Malgré la large présence d'Android sur le marché, la plupart des services et applications de ce système d'exploitation sont propriétaires, un détail qui s'étend également au matériel. Chez Purism, on propose depuis un certain temps des tablettes et des ordinateurs portables au profil open source beaucoup plus marqué, mais ils ont maintenant décidé de s'attaquer à l'espace mobile avec leur Librem 5. Le smartphone promet un environnement Linux propre et privé, interrupteurs pour désactiver des composants et une sécurité renforcée.

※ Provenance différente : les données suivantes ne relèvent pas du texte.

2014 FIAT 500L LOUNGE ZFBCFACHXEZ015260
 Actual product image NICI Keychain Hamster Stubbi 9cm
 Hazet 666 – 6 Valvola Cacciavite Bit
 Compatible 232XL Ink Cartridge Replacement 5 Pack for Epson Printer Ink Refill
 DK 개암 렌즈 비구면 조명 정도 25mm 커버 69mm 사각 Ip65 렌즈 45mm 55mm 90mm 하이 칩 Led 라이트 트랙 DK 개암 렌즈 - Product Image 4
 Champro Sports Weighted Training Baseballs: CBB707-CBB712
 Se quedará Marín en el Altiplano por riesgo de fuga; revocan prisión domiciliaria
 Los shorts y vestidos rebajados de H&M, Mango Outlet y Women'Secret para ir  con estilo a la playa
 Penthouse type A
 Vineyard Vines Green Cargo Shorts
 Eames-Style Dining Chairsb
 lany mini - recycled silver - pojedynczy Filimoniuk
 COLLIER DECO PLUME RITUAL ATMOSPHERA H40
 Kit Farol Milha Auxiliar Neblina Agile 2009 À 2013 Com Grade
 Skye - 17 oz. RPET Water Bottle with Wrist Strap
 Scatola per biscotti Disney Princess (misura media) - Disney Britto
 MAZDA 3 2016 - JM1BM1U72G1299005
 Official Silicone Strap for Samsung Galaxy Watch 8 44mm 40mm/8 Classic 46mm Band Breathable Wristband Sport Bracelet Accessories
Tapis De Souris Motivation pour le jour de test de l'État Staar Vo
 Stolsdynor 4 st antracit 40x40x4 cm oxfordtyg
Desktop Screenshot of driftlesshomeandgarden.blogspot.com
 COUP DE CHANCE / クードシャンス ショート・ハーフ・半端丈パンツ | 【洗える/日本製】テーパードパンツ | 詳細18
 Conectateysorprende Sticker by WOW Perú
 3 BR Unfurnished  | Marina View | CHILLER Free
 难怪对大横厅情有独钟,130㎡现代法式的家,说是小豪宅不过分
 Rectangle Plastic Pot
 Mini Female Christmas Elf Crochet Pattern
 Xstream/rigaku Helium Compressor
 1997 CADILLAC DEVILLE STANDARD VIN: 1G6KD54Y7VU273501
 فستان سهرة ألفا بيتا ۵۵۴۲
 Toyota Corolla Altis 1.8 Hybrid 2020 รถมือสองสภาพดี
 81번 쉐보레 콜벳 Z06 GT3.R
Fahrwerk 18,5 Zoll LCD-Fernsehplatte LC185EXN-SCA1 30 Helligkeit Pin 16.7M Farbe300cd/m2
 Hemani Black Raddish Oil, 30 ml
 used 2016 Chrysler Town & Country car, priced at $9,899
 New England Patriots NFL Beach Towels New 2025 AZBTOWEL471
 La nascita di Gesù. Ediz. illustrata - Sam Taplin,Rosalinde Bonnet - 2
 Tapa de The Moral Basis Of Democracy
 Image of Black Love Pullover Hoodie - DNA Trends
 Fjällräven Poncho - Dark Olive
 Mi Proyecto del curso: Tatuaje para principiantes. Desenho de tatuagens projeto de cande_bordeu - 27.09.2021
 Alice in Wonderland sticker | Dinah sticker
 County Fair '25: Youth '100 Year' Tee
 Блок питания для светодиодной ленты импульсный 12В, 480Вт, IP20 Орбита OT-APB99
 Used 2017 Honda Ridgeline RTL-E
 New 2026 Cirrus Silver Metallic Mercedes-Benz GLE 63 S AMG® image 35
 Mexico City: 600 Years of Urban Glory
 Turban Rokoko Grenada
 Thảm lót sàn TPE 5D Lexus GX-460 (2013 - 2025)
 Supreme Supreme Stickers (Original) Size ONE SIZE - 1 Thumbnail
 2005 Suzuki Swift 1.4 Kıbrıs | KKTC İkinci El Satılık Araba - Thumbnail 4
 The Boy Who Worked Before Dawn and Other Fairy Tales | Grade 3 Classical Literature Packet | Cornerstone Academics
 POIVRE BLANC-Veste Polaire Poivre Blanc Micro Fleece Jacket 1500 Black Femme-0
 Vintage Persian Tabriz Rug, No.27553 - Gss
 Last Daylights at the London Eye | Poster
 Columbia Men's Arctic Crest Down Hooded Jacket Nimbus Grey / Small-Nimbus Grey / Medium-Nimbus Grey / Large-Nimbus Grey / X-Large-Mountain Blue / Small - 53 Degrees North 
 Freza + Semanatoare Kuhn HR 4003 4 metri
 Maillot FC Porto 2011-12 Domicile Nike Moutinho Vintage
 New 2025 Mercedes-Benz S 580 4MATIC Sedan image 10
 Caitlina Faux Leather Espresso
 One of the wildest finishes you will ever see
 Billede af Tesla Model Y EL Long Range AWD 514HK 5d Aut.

Le smartphone est un exemple frappant de la combinaison entre technologie et commodité, mais au-delà de son succès, il faut reconnaître que de grands sacrifices ont été faits. La flexibilité de l'environnement mobile se manifeste presque exclusivement à travers les applications. Cependant, les systèmes d'exploitation et les appareils eux-mêmes laissent à désirer. Les fabricants sont lents à publier des mises à jour (ou n'en offrent aucune directement), empêchent la réparation de leurs produits et stimulent l'obsolescence programmée, sans oublier la constante collecte de données. Plusieurs entreprises ont tenté de lancer des alternatives plus ouvertes et plus privées, mais le processus n'a rien de simple. Le nouveau Purism Librem 5 en est la preuve.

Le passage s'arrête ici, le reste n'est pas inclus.